L'arpa è senza dubbio uno degli strumenti più affascinanti e, in un certo senso, spettacolari - anche dal punto di vista visivo - che la tradizione musicale europea abbia prodotto. Da un secolo e mezzo circa ad oggi è un elemento importante della compagine della grande orchestra sinfonica e della sonorità che essa produce; un po' particolare, invece, la situazione dell'arpa in quanto strumento solista. Essa costituisce sotto questo aspetto un mondo un po' a parte: gli autori sono molto spesso essi stessi dei grandi solisti, e solo raramente hanno scritto per arpa i grandi compositori "tout court"; il repertorio non è particolarmente vasto.

All'ascoltatore che si rechi ad un recital arpistico capiterà quindi facilmente di imbattersi nel nome di una compositrice come Henriette Renié (1875-1956), poco nota fuori dell'ambiente arpistico del quale fu invece protagonista assoluta: grande solista, docente al Conservatorio di Parigi, autrice di un celebre Metodo e di molte composizioni per il suo strumento.
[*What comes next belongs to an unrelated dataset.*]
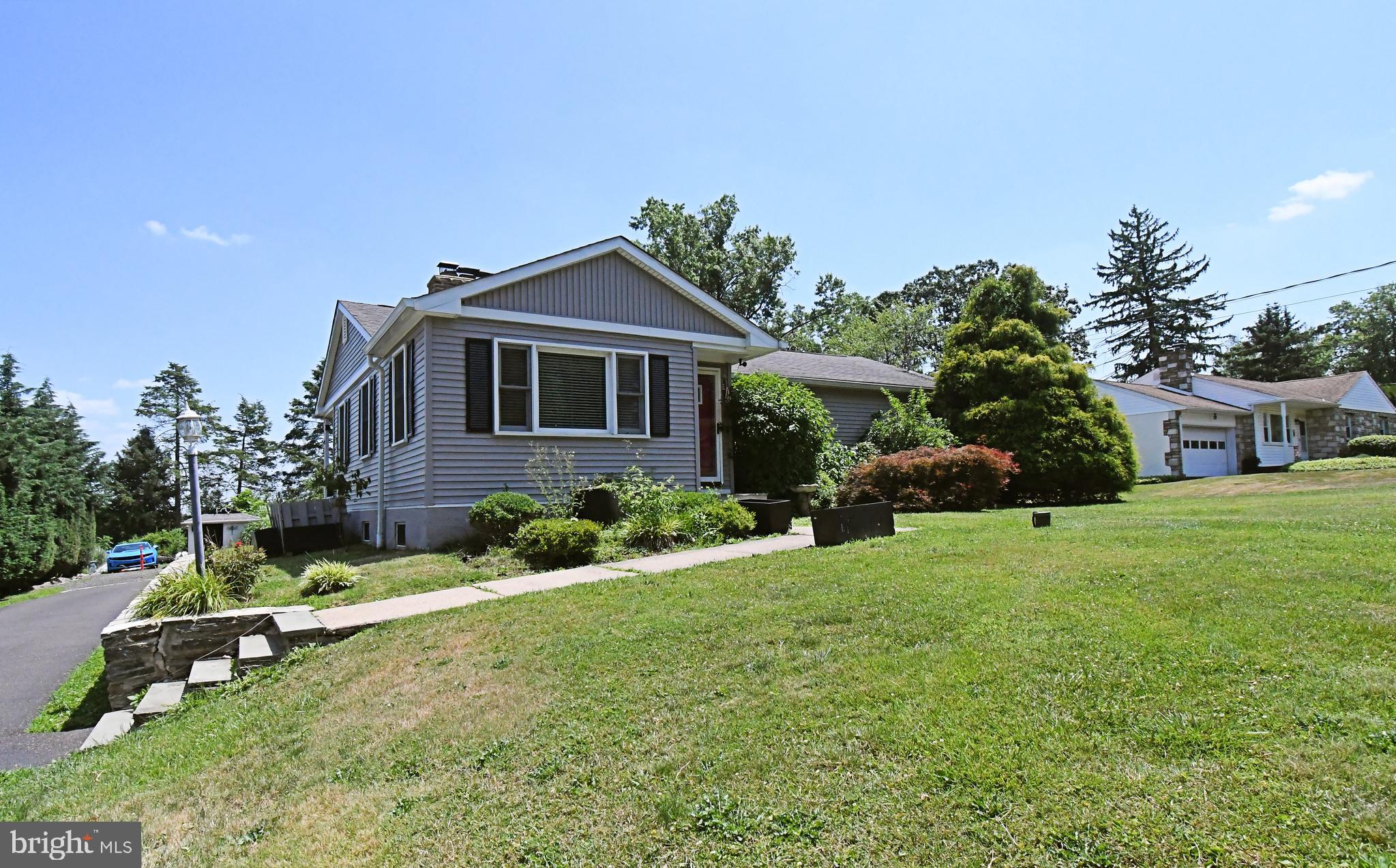 551 Walter Road Warminster, PA 18974 - Photo 2 of 45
Della Renié è appunto uno dei brani in cui quell'ipotetico musicofilo facilmente anche si imbatterà, trattandosi di uno degli appuntamenti con cui è d'obbligo confrontarsi per ogni virtuoso d'arpa che si rispetti.
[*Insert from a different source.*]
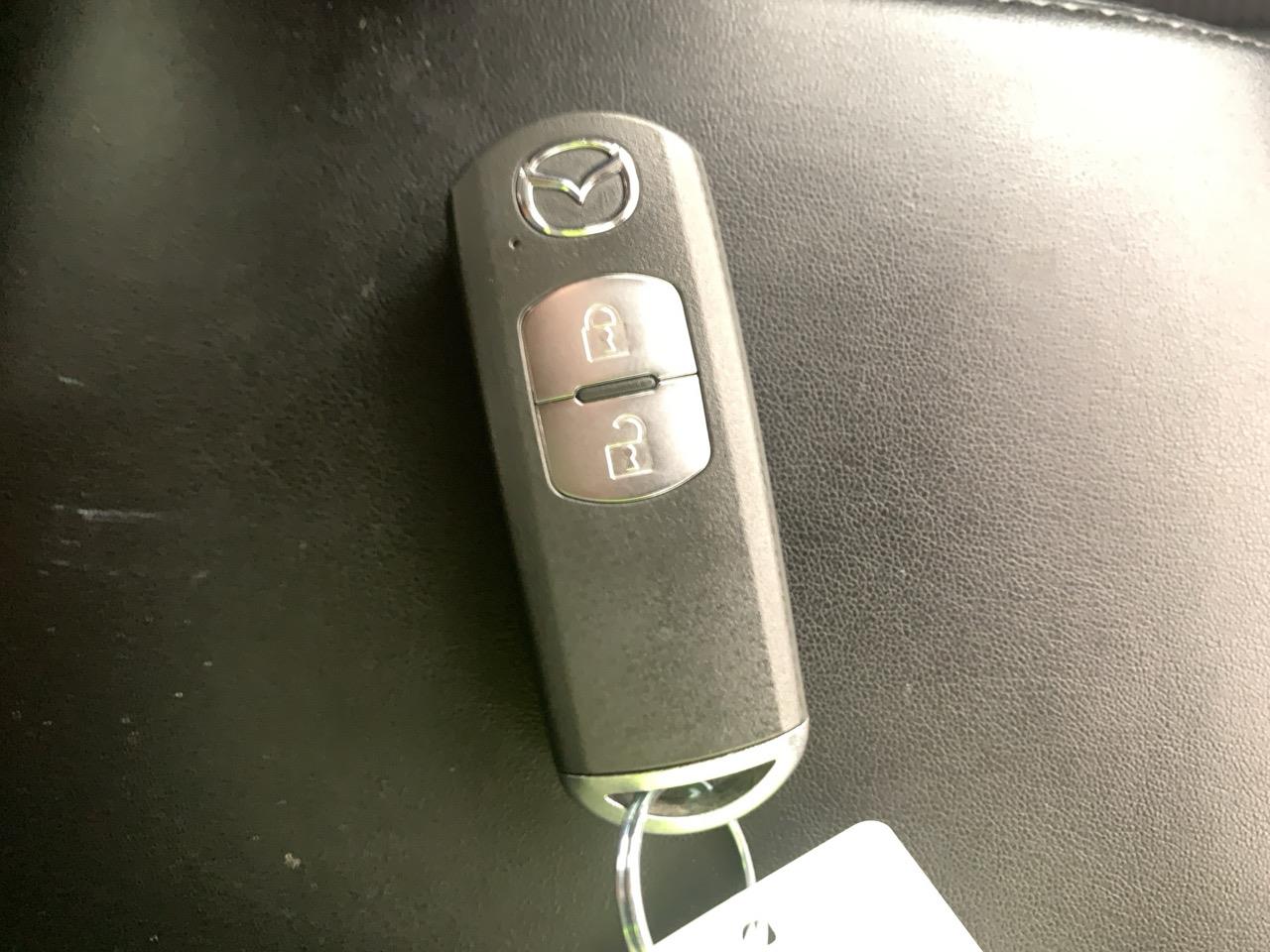 2016 Mazda Axela 3 1.5S New Shape Hatchback LOW KM + HEAD-UP DISPLAY + CRUISE CONTROL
Si intitola Légende, e permette al (più spesso alla) solista di squadernare tutta la spettacolare e sorprendente varietà di suoni e di possibilità espressive dello strumento, che variamente si alternano negli abbondanti dieci minuti di durata del brano. Ma l'ascoltatore attento percepirà anche una tonalità espressiva misteriosa, spesso cupa, drammatica. Siamo in presenza in realtà di un fenomeno tipico della musica a cavallo fra Otto e Novecento: il rapporto istituito fra un brano strumentale ed un testo letterario cui esso fa riferimento. "D'après Les Elfes de Leconte de Lisle", dice in effetti il sottotitolo di Légende, e le edizioni a stampa del brano riportano infatti il testo di questa poesia di un autore che fu tra i più notevoli del secondo Ottocento francese. La lettura del testo (che dovrebbe essere sempre riportato, in casi del genere, sui programmi di sala e nei libretti dei CD!) chiarisce molte cose, e ben giustifica quell'impressione che il nostro ascoltatore può aver avuto.
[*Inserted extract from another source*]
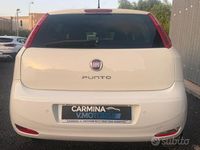 Usata Fiat Punto Lounge 70 CV (51 kW) 2016 Bianco Utilitaria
Si tratta di una poesia che, secondo un gusto abbastanza tipico dell'epoca, riprende temi e ambientazioni (vagamente medievali) di tipo magico fiabesco, ma caratterizzandole preferibilmente con un sottofondo inquietante in cui trova luogo, venendo anzi in primo piano, il tema della morte. Il ritmo incalzante che lo strumento scandisce allude al galoppo di un cavaliere che attraversa la foresta in una notte di luna per raggiungere la sua amata e sposarla; un disegno musicale etereo e leggerissimo richiama lo sciame di elfi che circonda il cavaliere; la regina degli elfi, seducente, tenta di trattenerlo, e al suo rifiuto gli tocca il cuore col suo dito bianco. È il tocco della Morte, come la poesia svela poco dopo: al cavaliere, che ha ripreso il galoppo, compare la fanciulla amata, o meglio il suo fantasma, che gli dice "caro sposo, la tomba sarà in eterno il nostro letto nuziale; io sono morta!", e alla rivelazione cade anch'egli senza vita. Questa dunque è la storia a cui alludono gli acrobatici ed inquieti virtuosismi strumentali dell'arpa di Légende.